From the name records that we create, we intend to develop and run algorithms to match names. In many cases, we should be able to draw several names together, with a ‘same-as’ relationship. Some may be more doubtful, others more certain. I will talk about that as we get into the work.

At the moment, we have some ideas about how we will work with these individual records in terms of the workflow and the end user experience, but we have not made any final decisions, and we think that what is most important at this stage is the creation and experimentation with algorithms to see what we can get.

Master name records

We intend to create master records for people and organisations. The principle is to see these master records not as something within the archives domain, but as stand-alone records about a person or organisation that enable a range of resources to be drawn together.

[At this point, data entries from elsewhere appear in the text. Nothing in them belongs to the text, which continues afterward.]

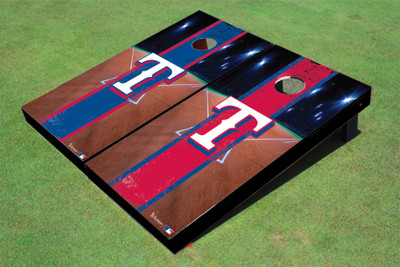 Texas Rangers T Field Long Stripe Alternating Themed Cornhole Boards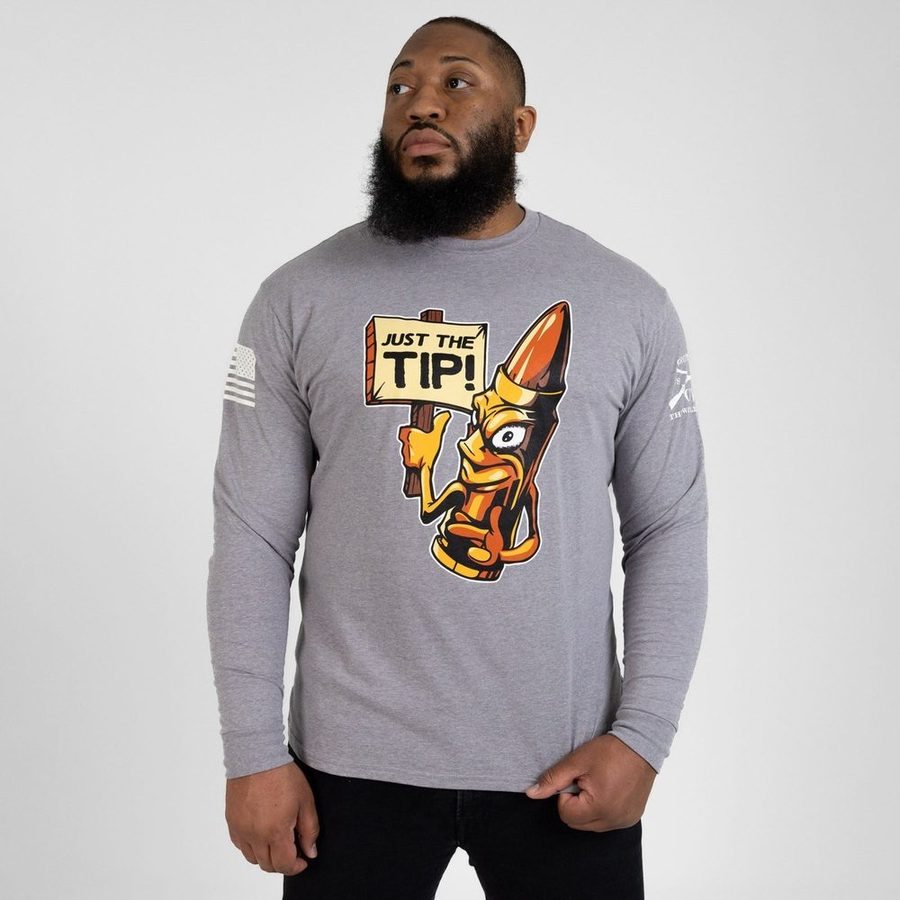 Just The Tip Long Sleeve - Dark Heather Gray
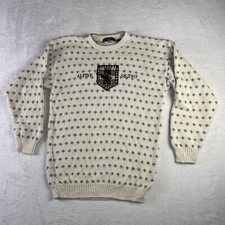 Cape Isle Knitters Vintage Knit Sweater Size L Made In USA Alpine Skiing AOP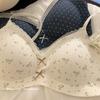 Gentle jacquard floral cream soufflé underwear women's lace edge girls' steel-rimless underwear small breasts gather bra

So, we might have several name records for one person:

Example of master record, with various related information included:
Webb, Martha Beatrice, 1858-1943, social reformer and historian

Examples of additional name records that should link to the master record:
Webb, Beatrice, 1858-1943 (good match)
Webb, Martha Beatrice, 1858-1943, economist and reformer (good match)
Webb, Martha Beatrice, nee Potter, 1858-1943 (good match)
Webb, M.B. b. 1858 (possible match)
but…
Potter, Martha Beatrice, b 1858
…might well not be a match, in which case it would stand separately, and the archive connected to it would not benefit from the links being made.

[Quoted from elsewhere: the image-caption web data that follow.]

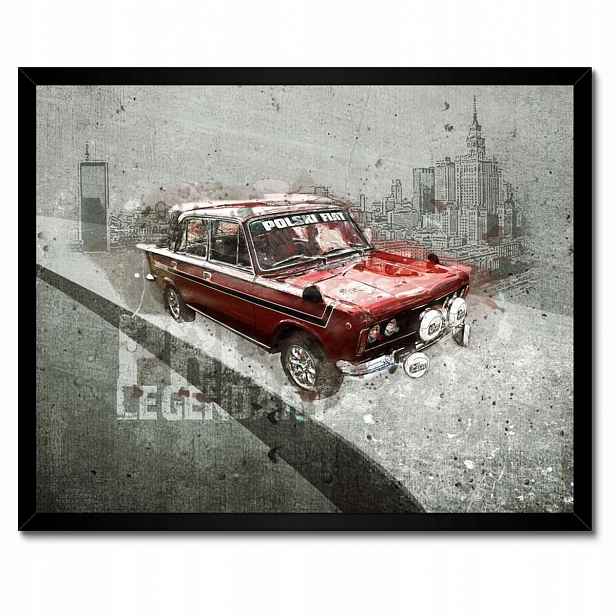 Plakáty v rámu 50x40 Červený Velký Fiat 125p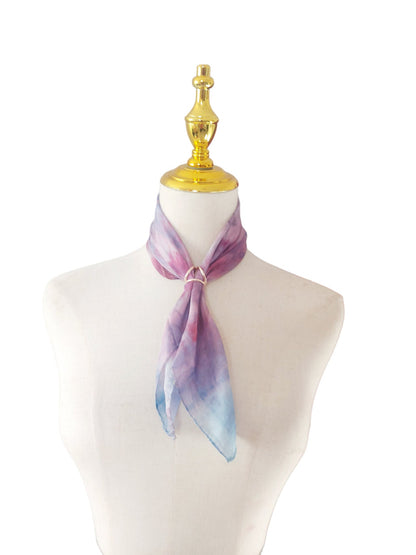 Handmade Silk Neckerchief: Purple Blue Tie-Dye Scarf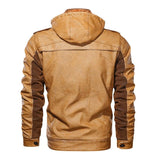 Men's Vintage Contrast Patchwork Stand Collar Hooded Zip Leather Fleece Jacket 43558015M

We have discussed the pros and cons of creating master records for all names.  It makes sense to bring together all of the Beatrice Webb names into one master record – there is plenty that can be said about that individual; but does it make sense to have a master record for single orphaned names with no life dates and nothing (as yet) more to say about that individual?  That is a question we have yet to answer.

diagram showing link between archive, name records and master records
The archive is described though an EAD description held on our system (the CIIM). We take all the names from this to create a huge store of individual names. From this, we aim to create and update ‘definitive’ name records.

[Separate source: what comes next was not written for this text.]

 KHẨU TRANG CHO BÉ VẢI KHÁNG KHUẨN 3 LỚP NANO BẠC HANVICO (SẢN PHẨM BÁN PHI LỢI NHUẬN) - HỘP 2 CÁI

The principle is to have name records that enables us to create links to the Archives Hub entries and also to other Jisc services and resources beyond that – resources outside of the archives domain.  Many of these resources may also help us with our own identification and matching processes. It is important to benefit from the work that has already been done in this area.

We are looking at various name resources and assessing where our priorities will be.  This is a fairly short project, and we won’t have time to look at more than a handful of options. But we are currently thinking in terms of VIAF, ORCID and Wikidata. More on that to follow.

Personally, I’ve been thinking about working with names for several years. We have been asked about it quite a bit. But the challenge is so big and nebulous in many ways. It has not been feasible to embark upon this kind of work in the past, as our system has not supported the kind of systematic processing that is required. We are also able to benefit from the expertise K-Int can bring to data processing. It is one thing doing this as a stand-alone project; it is quite another to think about a live service, long term sustainability, version control and revisions, ingest from different systems, etc.  And also, to break it down into logical phases of work.  It is exciting, but it is going to involve a great deal of hard work and hard thinking.